◆ PROBLEM DETAILS ◆
Transcribe each line below verbatim; pictures excluded.

◆ DATA EXTRACT ◆
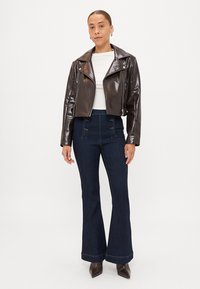 Jaqueta de moto em imitação de couro castanho com fecho prateado, design curto, combinada com jeans flare de um azul escuro com detalhes em botão.
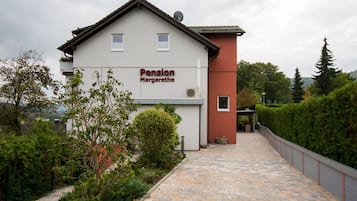 Ein Gebäude mit der Aufschrift "Pension Margarethe" und einem gepflasterten Weg, der zum Eingang führt.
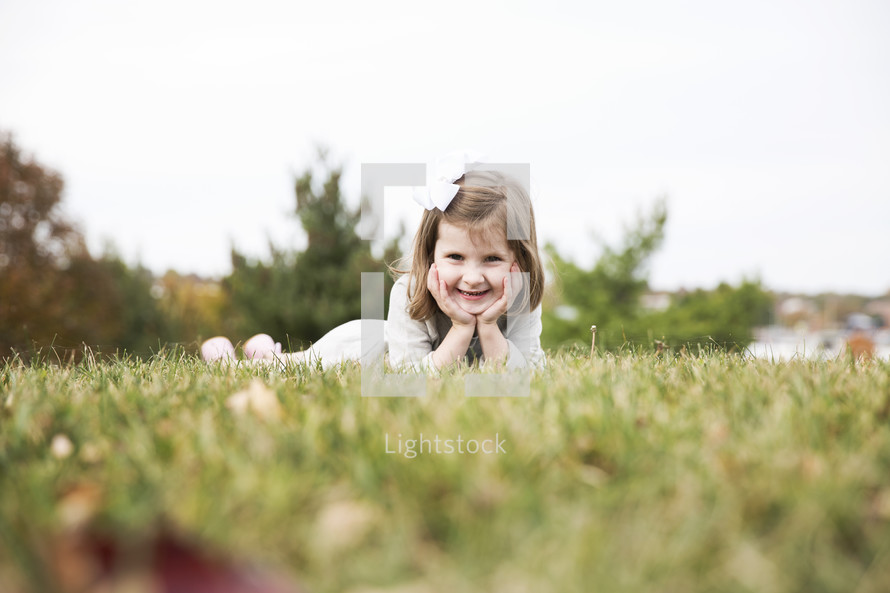 a child lying in the grass 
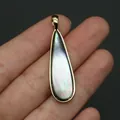 Primer plano de un colgante de gota dorado con nácar irisado en la mano - 11x40mm / Solo Colgante (Sin Cadena) - Nácar Negro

◆ REPLY TO THE EXERCISE ◆
 Jaqueta de moto em imitação de couro castanho com fecho prateado, design curto, combinada com jeans flare de um azul escuro com detalhes em botão.
 Ein Gebäude mit der Aufschrift "Pension Margarethe" und einem gepflasterten Weg, der zum Eingang führt.
 a child lying in the grass 
 Primer plano de un colgante de gota dorado con nácar irisado en la mano - 11x40mm / Solo Colgante (Sin Cadena) - Nácar Negro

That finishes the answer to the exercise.